**Your assignment:** Print every line below that comes at or after the line containing "Leopard (Panthera pardus)", exactly as written.

———

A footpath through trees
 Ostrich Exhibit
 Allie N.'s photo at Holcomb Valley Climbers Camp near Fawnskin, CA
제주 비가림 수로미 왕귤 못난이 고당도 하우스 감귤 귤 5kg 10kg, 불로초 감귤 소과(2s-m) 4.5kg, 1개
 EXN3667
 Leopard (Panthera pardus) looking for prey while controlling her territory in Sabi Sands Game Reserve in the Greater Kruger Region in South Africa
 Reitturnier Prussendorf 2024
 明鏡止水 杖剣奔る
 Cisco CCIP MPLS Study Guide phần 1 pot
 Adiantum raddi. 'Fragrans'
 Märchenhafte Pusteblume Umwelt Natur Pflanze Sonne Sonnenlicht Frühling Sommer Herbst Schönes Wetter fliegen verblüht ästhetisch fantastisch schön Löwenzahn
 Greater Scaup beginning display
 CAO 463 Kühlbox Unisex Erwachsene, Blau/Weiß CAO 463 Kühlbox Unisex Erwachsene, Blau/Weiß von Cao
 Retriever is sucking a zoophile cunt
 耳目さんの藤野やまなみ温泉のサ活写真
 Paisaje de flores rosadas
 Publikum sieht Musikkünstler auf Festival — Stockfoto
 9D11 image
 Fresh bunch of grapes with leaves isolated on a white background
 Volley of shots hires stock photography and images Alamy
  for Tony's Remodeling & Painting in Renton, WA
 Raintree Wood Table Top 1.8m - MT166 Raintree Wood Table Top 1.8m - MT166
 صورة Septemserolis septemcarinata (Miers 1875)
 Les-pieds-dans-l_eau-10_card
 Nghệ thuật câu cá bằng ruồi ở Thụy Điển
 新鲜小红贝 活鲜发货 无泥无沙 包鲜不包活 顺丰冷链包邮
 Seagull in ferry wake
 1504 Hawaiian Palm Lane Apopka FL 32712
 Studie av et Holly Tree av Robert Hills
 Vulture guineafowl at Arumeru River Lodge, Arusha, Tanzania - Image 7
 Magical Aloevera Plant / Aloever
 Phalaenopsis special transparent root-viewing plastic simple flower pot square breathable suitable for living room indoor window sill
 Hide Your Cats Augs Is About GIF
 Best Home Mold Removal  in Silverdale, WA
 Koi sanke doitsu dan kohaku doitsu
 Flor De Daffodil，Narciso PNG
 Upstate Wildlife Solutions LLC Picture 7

———

**Output below:**
 Leopard (Panthera pardus) looking for prey while controlling her territory in Sabi Sands Game Reserve in the Greater Kruger Region in South Africa
 Reitturnier Prussendorf 2024
 明鏡止水 杖剣奔る
 Cisco CCIP MPLS Study Guide phần 1 pot
 Adiantum raddi. 'Fragrans'
 Märchenhafte Pusteblume Umwelt Natur Pflanze Sonne Sonnenlicht Frühling Sommer Herbst Schönes Wetter fliegen verblüht ästhetisch fantastisch schön Löwenzahn
 Greater Scaup beginning display
 CAO 463 Kühlbox Unisex Erwachsene, Blau/Weiß CAO 463 Kühlbox Unisex Erwachsene, Blau/Weiß von Cao
 Retriever is sucking a zoophile cunt
 耳目さんの藤野やまなみ温泉のサ活写真
 Paisaje de flores rosadas
 Publikum sieht Musikkünstler auf Festival — Stockfoto
 9D11 image
 Fresh bunch of grapes with leaves isolated on a white background
 Volley of shots hires stock photography and images Alamy
  for Tony's Remodeling & Painting in Renton, WA
 Raintree Wood Table Top 1.8m - MT166 Raintree Wood Table Top 1.8m - MT166
 صورة Septemserolis septemcarinata (Miers 1875)
 Les-pieds-dans-l_eau-10_card
 Nghệ thuật câu cá bằng ruồi ở Thụy Điển
 新鲜小红贝 活鲜发货 无泥无沙 包鲜不包活 顺丰冷链包邮
 Seagull in ferry wake
 1504 Hawaiian Palm Lane Apopka FL 32712
 Studie av et Holly Tree av Robert Hills
 Vulture guineafowl at Arumeru River Lodge, Arusha, Tanzania - Image 7
 Magical Aloevera Plant / Aloever
 Phalaenopsis special transparent root-viewing plastic simple flower pot square breathable suitable for living room indoor window sill
 Hide Your Cats Augs Is About GIF
 Best Home Mold Removal  in Silverdale, WA
 Koi sanke doitsu dan kohaku doitsu
 Flor De Daffodil，Narciso PNG
 Upstate Wildlife Solutions LLC Picture 7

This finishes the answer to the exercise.